Coming up with the money to fund it, however, will fall to Isle of Wight’s Board of Supervisors.
Virginia’s General Assembly in a special September session passed legislation allocating $54.5 million in state funds to give public school employees a 2% raise on top of the 5% raises that took effect in July in accordance with the state’s 2022-24 biennium budget, for a total 7% increase this school year.
According to Chief Financial Officer Larisa Harris, Isle of Wight County Schools has been allocated $312,221 to fund the raises for the minimum number of employees required under the state’s standards of quality. Isle of Wight, like many other Virginia school divisions, hires well in excess of the minimum.
The Board of Supervisors, as the school system’s local funding authority, will need to vote to add the state money to Isle of Wight County Schools’ 2023-24 budget and come up with an additional $485,616 in local money to extend the 2% raises to all employees, Harris said.
Unlike the state-mandated 5% raises given at the start of this school year and the prior one, the additional 2% is optional.
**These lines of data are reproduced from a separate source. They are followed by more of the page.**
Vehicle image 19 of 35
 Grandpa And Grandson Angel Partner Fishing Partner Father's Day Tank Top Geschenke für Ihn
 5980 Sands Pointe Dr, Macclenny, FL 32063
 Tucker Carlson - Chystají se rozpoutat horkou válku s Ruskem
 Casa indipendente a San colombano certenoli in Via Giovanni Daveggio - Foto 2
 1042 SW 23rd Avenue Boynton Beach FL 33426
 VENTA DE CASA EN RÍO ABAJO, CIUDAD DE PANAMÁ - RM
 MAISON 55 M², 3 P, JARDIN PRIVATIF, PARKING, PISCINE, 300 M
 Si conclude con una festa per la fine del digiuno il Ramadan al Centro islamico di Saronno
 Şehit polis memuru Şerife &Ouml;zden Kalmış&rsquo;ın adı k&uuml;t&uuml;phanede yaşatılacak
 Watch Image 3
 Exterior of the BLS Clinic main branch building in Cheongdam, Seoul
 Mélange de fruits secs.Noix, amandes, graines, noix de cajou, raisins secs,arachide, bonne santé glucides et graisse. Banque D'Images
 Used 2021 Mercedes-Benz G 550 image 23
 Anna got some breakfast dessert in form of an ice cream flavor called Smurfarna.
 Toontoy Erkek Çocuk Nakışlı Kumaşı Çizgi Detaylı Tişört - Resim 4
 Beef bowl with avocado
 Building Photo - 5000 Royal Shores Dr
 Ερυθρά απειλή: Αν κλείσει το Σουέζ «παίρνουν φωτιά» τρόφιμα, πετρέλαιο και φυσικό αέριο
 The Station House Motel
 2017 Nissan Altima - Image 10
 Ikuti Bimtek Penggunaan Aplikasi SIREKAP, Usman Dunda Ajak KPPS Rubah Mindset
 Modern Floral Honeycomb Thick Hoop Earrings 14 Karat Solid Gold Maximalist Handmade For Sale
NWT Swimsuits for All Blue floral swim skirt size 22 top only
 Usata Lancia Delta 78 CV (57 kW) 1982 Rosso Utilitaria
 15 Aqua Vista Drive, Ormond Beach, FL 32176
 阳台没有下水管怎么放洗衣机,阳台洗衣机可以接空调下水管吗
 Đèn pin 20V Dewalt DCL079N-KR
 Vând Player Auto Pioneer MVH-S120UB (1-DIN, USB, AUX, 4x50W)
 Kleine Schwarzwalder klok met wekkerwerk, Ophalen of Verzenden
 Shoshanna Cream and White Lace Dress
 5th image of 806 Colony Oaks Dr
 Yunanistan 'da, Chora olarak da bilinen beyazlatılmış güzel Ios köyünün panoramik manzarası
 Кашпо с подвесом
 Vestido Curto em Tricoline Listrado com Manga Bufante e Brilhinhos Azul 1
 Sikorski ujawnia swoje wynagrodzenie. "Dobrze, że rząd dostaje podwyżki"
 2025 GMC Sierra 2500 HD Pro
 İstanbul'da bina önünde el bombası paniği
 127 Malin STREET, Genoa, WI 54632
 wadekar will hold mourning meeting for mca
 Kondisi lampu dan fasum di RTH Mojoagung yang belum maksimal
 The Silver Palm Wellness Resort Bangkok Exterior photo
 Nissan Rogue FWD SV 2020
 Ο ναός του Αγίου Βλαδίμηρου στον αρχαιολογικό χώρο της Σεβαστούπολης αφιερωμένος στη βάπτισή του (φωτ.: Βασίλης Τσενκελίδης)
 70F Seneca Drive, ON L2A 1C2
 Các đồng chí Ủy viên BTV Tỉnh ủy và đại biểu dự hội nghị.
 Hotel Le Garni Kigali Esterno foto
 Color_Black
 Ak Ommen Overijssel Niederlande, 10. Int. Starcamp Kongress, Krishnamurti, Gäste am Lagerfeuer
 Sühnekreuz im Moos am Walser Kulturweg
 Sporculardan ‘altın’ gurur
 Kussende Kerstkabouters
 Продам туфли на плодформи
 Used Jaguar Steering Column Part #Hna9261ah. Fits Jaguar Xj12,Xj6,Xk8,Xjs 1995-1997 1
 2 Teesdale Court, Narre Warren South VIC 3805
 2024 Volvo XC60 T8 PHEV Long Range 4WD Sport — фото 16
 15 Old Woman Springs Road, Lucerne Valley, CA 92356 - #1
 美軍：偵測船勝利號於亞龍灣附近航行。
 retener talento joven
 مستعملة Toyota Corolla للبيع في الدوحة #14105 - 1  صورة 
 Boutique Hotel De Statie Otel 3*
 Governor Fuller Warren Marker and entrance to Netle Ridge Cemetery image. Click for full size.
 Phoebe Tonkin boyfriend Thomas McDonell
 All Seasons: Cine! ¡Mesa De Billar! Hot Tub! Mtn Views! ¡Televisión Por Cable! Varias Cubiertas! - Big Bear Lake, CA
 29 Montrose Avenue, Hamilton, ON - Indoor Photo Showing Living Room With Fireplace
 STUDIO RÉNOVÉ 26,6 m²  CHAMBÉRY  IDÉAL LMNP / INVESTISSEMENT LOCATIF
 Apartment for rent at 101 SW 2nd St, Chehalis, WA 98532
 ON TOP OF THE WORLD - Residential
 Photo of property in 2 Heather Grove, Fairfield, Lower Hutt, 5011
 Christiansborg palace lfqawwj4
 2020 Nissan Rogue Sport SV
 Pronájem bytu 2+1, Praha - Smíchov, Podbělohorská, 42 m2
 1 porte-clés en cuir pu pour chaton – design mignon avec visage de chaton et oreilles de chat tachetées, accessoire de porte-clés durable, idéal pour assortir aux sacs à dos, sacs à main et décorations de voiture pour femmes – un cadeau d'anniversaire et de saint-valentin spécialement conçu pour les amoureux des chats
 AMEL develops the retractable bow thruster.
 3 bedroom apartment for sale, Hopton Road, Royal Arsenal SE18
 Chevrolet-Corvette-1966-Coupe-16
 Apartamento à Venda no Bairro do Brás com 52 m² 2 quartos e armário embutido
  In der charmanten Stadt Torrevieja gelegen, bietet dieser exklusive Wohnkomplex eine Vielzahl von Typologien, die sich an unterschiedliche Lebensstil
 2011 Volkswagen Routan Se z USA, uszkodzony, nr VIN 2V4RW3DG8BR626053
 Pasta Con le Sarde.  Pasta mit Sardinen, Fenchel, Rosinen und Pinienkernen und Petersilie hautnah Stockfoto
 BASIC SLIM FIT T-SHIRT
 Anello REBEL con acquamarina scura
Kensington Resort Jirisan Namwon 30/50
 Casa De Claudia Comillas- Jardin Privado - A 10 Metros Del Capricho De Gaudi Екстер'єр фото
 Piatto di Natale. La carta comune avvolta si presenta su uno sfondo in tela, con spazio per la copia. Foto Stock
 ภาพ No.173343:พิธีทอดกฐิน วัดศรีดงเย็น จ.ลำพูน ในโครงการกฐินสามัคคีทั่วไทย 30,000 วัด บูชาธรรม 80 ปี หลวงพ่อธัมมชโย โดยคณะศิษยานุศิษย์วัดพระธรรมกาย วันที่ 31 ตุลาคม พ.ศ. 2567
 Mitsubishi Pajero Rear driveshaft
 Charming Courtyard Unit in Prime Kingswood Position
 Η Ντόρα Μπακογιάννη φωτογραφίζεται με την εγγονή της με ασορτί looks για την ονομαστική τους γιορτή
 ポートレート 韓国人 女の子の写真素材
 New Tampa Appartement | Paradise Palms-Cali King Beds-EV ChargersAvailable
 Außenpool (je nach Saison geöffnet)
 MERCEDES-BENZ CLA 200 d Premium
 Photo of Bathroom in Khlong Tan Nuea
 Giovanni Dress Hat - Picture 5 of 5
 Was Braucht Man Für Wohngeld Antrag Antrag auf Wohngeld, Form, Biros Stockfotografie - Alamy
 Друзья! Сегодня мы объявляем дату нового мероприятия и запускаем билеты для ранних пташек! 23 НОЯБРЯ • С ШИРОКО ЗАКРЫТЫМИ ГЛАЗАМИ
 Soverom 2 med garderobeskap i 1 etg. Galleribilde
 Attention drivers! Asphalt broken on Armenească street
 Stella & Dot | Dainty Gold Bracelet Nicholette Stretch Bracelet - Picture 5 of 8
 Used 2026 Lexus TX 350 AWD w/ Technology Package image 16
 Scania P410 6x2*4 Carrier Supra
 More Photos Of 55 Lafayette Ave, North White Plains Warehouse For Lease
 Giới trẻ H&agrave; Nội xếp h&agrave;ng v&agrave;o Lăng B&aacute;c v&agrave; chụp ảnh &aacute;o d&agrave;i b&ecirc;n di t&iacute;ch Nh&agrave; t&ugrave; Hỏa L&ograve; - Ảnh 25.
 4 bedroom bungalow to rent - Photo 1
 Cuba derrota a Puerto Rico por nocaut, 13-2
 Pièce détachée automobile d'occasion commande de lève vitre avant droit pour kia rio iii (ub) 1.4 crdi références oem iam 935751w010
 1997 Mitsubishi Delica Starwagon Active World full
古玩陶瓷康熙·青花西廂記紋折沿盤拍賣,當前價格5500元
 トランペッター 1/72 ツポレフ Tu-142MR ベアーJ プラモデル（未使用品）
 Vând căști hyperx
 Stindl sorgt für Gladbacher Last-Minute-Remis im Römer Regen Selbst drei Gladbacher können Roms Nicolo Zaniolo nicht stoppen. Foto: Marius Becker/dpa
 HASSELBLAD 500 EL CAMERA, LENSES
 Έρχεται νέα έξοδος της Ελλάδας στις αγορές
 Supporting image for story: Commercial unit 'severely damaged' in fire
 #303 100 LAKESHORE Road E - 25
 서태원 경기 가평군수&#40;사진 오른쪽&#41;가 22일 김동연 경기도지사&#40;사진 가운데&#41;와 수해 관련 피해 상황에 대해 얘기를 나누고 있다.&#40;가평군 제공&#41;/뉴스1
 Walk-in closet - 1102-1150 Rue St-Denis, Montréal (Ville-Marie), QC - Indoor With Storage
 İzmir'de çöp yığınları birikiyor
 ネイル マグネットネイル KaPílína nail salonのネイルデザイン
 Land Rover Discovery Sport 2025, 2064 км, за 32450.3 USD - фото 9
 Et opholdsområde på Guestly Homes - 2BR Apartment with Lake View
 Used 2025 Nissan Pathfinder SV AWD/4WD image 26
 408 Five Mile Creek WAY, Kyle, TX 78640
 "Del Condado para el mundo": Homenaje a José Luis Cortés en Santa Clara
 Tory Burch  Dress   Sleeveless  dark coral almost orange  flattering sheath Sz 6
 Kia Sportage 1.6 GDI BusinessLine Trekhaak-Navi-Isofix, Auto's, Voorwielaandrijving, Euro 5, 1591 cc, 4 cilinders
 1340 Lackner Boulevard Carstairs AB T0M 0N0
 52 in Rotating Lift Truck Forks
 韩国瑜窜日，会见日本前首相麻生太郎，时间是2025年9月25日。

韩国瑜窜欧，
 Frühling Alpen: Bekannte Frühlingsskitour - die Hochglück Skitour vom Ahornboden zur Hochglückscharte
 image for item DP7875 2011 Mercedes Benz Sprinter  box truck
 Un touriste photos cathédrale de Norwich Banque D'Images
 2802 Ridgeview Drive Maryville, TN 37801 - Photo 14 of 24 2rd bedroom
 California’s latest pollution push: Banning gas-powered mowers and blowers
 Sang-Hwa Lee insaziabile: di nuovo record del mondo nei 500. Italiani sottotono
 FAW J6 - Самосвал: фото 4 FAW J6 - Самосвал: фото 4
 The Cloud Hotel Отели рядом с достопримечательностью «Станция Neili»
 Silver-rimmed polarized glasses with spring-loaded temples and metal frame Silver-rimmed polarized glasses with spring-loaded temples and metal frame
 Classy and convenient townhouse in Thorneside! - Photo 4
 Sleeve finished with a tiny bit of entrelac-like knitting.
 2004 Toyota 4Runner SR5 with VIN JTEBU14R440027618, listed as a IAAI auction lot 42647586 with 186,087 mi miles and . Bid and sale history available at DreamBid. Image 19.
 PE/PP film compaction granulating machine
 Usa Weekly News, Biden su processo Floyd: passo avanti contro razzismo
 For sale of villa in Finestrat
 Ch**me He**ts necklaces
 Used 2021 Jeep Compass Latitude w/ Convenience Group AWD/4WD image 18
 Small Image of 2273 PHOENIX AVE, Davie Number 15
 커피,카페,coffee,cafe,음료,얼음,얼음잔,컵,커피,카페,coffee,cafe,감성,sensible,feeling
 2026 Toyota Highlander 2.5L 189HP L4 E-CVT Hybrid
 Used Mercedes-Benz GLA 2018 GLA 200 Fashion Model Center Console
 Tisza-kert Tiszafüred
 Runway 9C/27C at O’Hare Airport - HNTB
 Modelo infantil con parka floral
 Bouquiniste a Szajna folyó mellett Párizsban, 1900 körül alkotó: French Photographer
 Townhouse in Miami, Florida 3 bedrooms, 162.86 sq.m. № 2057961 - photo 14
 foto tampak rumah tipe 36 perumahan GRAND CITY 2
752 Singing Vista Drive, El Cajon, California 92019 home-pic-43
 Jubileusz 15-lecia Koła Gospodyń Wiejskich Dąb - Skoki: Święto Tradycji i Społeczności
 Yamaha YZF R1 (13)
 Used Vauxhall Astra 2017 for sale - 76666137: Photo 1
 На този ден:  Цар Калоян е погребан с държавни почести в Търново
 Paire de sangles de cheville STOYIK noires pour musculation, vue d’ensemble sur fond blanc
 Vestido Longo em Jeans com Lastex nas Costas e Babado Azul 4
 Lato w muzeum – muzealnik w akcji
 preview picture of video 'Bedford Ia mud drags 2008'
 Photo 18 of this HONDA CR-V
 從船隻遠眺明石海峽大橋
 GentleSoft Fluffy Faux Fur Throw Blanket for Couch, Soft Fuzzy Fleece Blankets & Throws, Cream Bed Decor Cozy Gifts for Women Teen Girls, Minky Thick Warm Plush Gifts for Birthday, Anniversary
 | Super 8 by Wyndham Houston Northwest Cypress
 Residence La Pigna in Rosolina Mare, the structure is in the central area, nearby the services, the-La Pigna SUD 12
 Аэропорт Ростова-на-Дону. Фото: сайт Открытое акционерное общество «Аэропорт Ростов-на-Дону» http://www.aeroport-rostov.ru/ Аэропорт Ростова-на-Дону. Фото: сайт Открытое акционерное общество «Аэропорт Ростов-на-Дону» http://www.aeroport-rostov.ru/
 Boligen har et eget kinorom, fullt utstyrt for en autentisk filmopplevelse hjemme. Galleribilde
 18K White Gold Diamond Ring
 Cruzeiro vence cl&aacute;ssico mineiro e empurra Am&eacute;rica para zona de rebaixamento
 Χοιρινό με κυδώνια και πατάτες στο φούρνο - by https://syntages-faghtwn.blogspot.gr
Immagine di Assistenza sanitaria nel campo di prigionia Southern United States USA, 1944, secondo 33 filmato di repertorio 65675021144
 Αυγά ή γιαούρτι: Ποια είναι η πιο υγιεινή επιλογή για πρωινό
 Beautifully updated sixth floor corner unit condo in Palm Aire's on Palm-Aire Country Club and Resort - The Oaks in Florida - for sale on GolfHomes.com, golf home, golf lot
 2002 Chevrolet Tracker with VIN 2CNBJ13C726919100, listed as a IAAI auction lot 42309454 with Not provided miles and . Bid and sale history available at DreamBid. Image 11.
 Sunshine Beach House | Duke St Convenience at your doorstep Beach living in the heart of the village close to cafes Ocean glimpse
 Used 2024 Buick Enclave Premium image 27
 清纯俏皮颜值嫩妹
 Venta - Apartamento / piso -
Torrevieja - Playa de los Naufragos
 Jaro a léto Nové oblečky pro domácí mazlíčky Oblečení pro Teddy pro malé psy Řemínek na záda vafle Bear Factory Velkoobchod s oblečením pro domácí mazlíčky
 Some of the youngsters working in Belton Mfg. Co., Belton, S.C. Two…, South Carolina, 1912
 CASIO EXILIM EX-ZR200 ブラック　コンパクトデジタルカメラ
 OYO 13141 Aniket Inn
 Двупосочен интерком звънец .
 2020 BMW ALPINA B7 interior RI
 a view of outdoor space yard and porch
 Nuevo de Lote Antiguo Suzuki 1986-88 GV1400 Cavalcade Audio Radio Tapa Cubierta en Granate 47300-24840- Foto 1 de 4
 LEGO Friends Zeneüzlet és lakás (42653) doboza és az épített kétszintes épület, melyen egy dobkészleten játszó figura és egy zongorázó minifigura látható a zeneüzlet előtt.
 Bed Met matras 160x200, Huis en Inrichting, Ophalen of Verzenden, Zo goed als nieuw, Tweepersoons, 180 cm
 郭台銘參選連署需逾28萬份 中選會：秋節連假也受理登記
However, were Isle of Wight to decline the additional state money on grounds of wanting to forego the local match, “we would be one of the very few” in the state to do so, Superintendent Theo Cramer said, and would be at a “significant disadvantage” compared to larger school divisions with which Isle of Wight competes for teachers.
“We’re already one of the lower-paying divisions in the area relative to some of our neighbors,” Cramer said.
Isle of Wight’s teacher pay scale for the 2023-24 school year offers a starting salary of $49,000 for 200-day contract teachers with no prior experience, while neighboring Newport News public schools offers a minimum of $52,710 and Suffolk offers $53,000.
The School Board’s vote to approve the 2% raise passed unanimously with board member Denise Tynes absent.